# Hullo Everyone!



## emmylem (Mar 3, 2012)

Hiya,

I'm Emily from Pinxton(Notts/Derbys border) and I'm another converted cavy person(I breed American Cresteds for anyone who may be interested!)
I don't currently have any mice(lost my pet boys late last year) but I am seriously considering heading into the hobby, so, for the time being I am researching my butt off before committing to any one idea. 
The varieties that are appealing to me at the moment are the reds and variegateds, but I'm not sure either are suitable for someone who has only kept 3 pet mice before let alone bred or shown them!
Any advice is greatly welcomed, I want to take my time, absorb information and make the right decision at the end of it!

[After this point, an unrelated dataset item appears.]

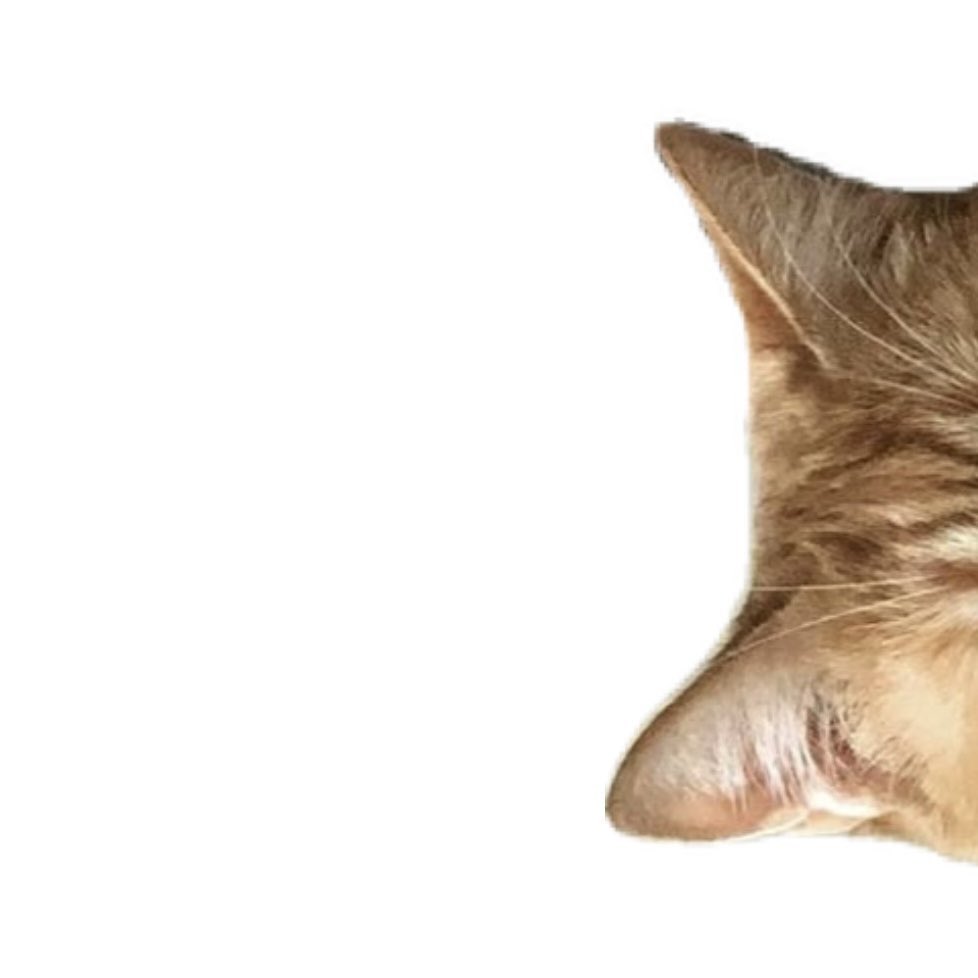 yechangatito's tweet image. did it work   :-3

Off to absorb the forum lol

xemilyx


----------



## Frizzle (Oct 6, 2011)

Hi, welcome to the forum! I haven't messed with either variety, but I think I've seen a thread around here recently saying reds are a harder variety to work with. Good luck with whatever you try! So you're thinking of breeding for show?


----------



## SarahY (Nov 6, 2008)

Hello and welcome to FMB 

Have a read through this thread: http://www.fancymicebreeders.com/phpBB3/viewtopic.php?f=21&t=7744, it should give you a feel for what is involved 

And if you keep an eye on the Upcoming Shows board, that'll let you know where the shows are happening. It'd be great to see you if you pop in to see the mice and meet some breeders!


----------



## WillowDragon (Jan 7, 2009)

Hi Emily! Great to see you on here! :-D


----------



## WoodWitch (Oct 18, 2009)

Welcome emmylem 

You're thinking of joining the NMC? Great! 
There's a few members on here and some of us don't live a million miles from you if you feel like a chat or a visit etc. I'm in Leicestershire myself.

Nice to meet you xx


----------



## The Boggit keeper (Mar 5, 2010)

Hello and Welcome!


----------



## Emfa Mouse (Dec 14, 2011)

Welcome to the site


----------



## Kaz115836 (Feb 20, 2012)

Welcome and I hope you end up taking up mice breeding!


----------



## Shadowrunner (Sep 26, 2011)

Hi there. I'm a fellow convert but from birds, not other mammals.
The mouse fancy is a ton of fun and all these wonderful people on here are great teachers with 
newer owners. I hope you stick around <3


----------



## emmylem (Mar 3, 2012)

Thankyou all for such a lovely warm welcome


----------